= Savart =

Unit of measurement for musical pitch intervals

1/100 heptaméride (jot), 1/10 heptaméride (decameride), 1 heptamérides, 10 heptamérides, 100 heptamérides, 1,000 heptamérides (decade).

The savart /səˈvɑr/ is a unit of measurement for musical pitch intervals. One savart is equal to one thousandth of a decade (10/1: 3,986.313714 cents): 3.9863 cents. Musically, in just intonation, the interval of a decade is precisely a just major twenty-fourth, or, in other words, three octaves and a just major third. Today, musical use of the savart has largely been replaced by the cent and the millioctave. The savart is practically the same as the earlier heptameride (eptameride), one seventh of a meride. One tenth of an heptameride is a decameride and a hundredth of an heptameride (thousandth of a decade) is approximately one jot.

==Definition==

If $\frac{f_1}{f_2}$ is the ratio of frequencies of a given interval, the corresponding measure in savarts is given by:

$s = 1000 \log_{10}{\frac{f_1}{f_2}}$

or

$\frac{f_1}{f_2} = 10^{s/1000}$

Like the more common cent, the savart is a logarithmic measure, and thus intervals can be added by simply adding their savart values, instead of multiplying them as you would frequencies. The number of savarts in an octave is 1000 times the base-10 logarithm of 2, or nearly 301.03. Sometimes this is rounded to 300, which makes the unit more useful for equal temperament.

==Conversion==

The conversion from savarts into cents, millioctaves or millidecades is:

$1\ \mathrm{savart} = \frac{1.2}{\log_{10}{2}}\ \mathrm{cent} \approx 3.9863\ \mathrm{cent}$

$1\ \mathrm{savart} = \frac{1}{\log_{10}{2}}\ \mathrm{millioctave} \approx 3.3219\ \mathrm{millioctave}$

1 savart = 0.001 decade = 1 millidecade

==History==

The savart is named after the French physicist and doctor Félix Savart (1791–1841) and is similar to the earlier proposal of the French acoustician Joseph Sauveur (1653–1716). Sauveur proposed the méride, eptaméride (or heptaméride), and decaméride. In English these are meride, heptameride, and decameride respectively. The octave is divided into 43 merides, the meride is divided into seven heptamerides, and the heptameride is divided into ten decamerides. There are thus 43 × 7 = 301 heptamerides in an octave. The attraction of this scheme to Sauveur was that log_{10}(2) is very close to .301, and thus the number of heptamerides in a given ratio is found to a high degree of accuracy from simply its log times 1000. This is equivalent to assuming 1000 heptamerides in a decade rather than 301 in an octave, the same as in the definition of the savart.

The unit was proposed by Auguste Guillemin, who first gave it the name millisavart, in 1902.. It was renamed the savart 25 years later.

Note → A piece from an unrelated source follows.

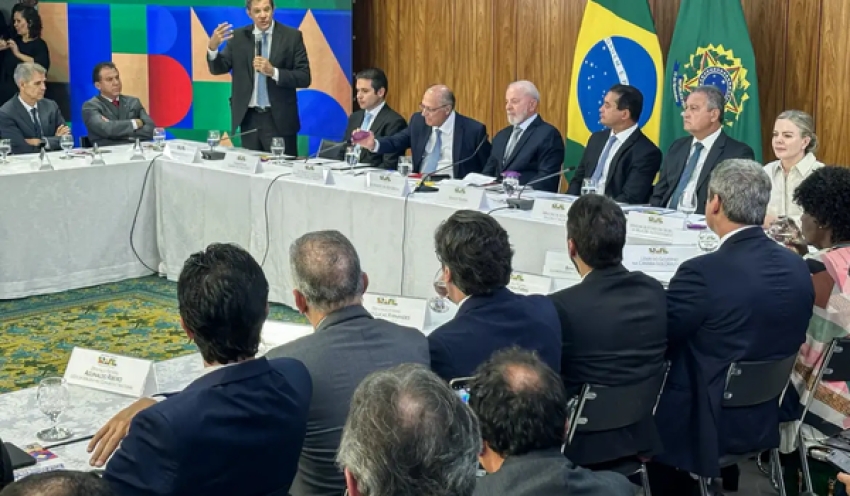 Lula entrega projeto de isenção de IR para quem ganha até R$ 5 mil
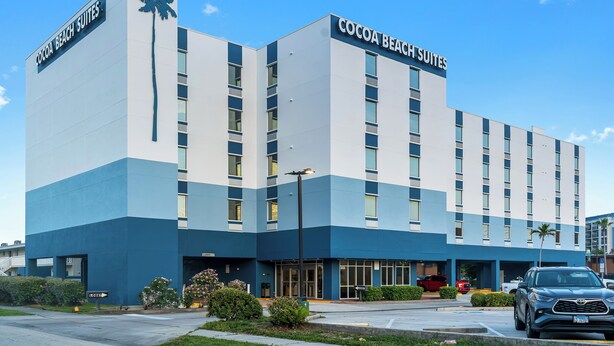 A modern building with a sign reading "Cocoa Beach Suites". - Cocoa Beach Suites (Cocoa Beach)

A disadvantage of this scheme is that there are not an exact number of heptamerides/savarts in an equal tempered semitone. For this reason Alexander Wood used a modified definition of the savart, with 300 savarts in an octave, and hence 25 savarts in a semitone.

A related unit is the jot, of which there are 30103 in an octave, or approximately 100,000 in a decade. The jot is defined in a similar way to the savart, but has a more accurate rounding of log_{10}(2) because more digits are used. There are approximately 100 jots in a savart. The jot was first described by Augustus De Morgan (1806-1871) which he called an atom. The name jot was coined by John Curwen (1816-1880) at the suggestion of Hermann von Helmholtz.

==Comparison==

| Name | Steps per octave | Cents | Relative | Interval | Ratio | Audio |
|---|---|---|---|---|---|---|
| Decade | 0.301030 | 3,986.313714 | 1,000 heptamérides | 10^{1/1} | 10.000000 | Play^{ⓘ} |
| Méride | 43.004285 | 27.904196 | 7 heptamérides | 10^{7/1,000} | 1.016249 | Play^{ⓘ} |
| Heptaméride | 301.029996 | 3.986314 | 1/1,000 decade, 1/7 méride, 10 decamérides, or 100 jots | 10^{1/1,000} | 1.002305 | Play^{ⓘ} |
| Demi-heptaméride | 602.059991 | 1.993157 | 1/2 heptaméride | 10^{1/2,000} | 1.001152 | Play^{ⓘ} |
| Decaméride | 3,010.299957 | 0.398631 | 1/10 heptaméride | 10^{1/10,000} | 1.000230 | Play^{ⓘ} |
| Jot | 30,103 | 0.0398631 | 1/30,103 octave | 2^{1/30,103} | 1.000023 | Play^{ⓘ} |

==Other uses==
The unit is used for acoustical engineering analysis, especially in underwater acoustics, where it is known as a millidecade.